News / USA

    Boehner: Americans 'Less Safe' After Bergdahl Deal

    House Speaker John Boehner of Ohio, joined by House Majority Leader Eric Cantor, R-Va., right, pauses while speaking to reporters on Capitol Hill, June 10, 2014, after a Republican Conference meeting.
    House Speaker John Boehner of Ohio, joined by House Majority Leader Eric Cantor, R-Va., right, pauses while speaking to reporters on Capitol Hill, June 10, 2014, after a Republican Conference meeting.
    VOA News
    U.S. House of Representatives Speaker John Boehner said the Obama administration has made Americans "less safe" by releasing five Taliban prisoners in exchange for the freedom of Army Sergeant Bowe Bergdahl.
     
    Speaking Tuesday at a news conference with other House Republican leaders, Boehner warned the United States will "pay" for the prisoner exchange, saying there is no doubt in his mind there will be "lost lives" associated with the swap.

    He added that he and other lawmakers had raised sharp concerns when briefed more than two years ago on the possibility of such a trade.
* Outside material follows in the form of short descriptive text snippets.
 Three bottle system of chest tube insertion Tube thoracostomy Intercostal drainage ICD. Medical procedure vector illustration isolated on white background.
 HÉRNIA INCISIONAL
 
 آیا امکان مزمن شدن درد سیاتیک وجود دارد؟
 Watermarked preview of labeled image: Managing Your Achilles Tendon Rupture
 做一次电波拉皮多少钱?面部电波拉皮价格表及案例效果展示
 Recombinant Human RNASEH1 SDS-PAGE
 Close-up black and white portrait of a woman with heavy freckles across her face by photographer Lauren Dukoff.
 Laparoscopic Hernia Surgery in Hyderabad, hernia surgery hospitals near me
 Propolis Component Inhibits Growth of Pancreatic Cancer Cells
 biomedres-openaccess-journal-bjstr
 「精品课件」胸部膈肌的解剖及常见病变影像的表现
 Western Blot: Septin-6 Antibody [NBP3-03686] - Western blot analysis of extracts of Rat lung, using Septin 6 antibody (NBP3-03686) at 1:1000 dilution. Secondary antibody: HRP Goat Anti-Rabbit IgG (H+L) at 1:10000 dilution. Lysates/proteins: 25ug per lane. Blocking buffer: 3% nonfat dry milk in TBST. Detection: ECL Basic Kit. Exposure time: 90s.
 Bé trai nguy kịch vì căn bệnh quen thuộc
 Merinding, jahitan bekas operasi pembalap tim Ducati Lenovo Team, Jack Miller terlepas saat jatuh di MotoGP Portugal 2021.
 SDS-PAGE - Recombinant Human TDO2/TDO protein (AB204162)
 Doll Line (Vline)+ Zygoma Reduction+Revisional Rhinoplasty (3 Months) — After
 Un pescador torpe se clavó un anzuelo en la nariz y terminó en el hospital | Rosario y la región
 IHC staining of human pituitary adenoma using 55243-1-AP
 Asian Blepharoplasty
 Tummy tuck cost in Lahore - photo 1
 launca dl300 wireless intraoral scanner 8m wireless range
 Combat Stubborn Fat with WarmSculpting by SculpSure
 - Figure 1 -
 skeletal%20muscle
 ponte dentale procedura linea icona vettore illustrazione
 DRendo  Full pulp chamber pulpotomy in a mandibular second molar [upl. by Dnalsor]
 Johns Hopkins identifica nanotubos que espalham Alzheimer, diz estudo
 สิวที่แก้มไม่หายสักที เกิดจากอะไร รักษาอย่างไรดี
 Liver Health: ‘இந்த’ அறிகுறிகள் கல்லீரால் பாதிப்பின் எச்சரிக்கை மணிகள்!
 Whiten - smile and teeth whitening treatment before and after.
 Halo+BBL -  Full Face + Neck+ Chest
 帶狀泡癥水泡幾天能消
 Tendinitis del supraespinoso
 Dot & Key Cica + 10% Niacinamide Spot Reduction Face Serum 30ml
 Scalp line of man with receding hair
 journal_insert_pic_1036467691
But Boehner told the AP that he "was never briefed on any specific negotiation."

    In the administration's defense, Illinois Senator Dick Durbin said the White House only finalized the exchange of Bergdahl for the five detainees a day before the swap, the AP reported on Tuesday.

    Durbin, speaking to reporters in the Capitol, said American officials didn't learn the pickup location for Bergdahl until an hour ahead of time.
     
    FILE - Sgt. Bowe Bergdahl in an undated image provided by the U.S. Army.FILE - Sgt. Bowe Bergdahl in an undated image provided by the U.S. Army.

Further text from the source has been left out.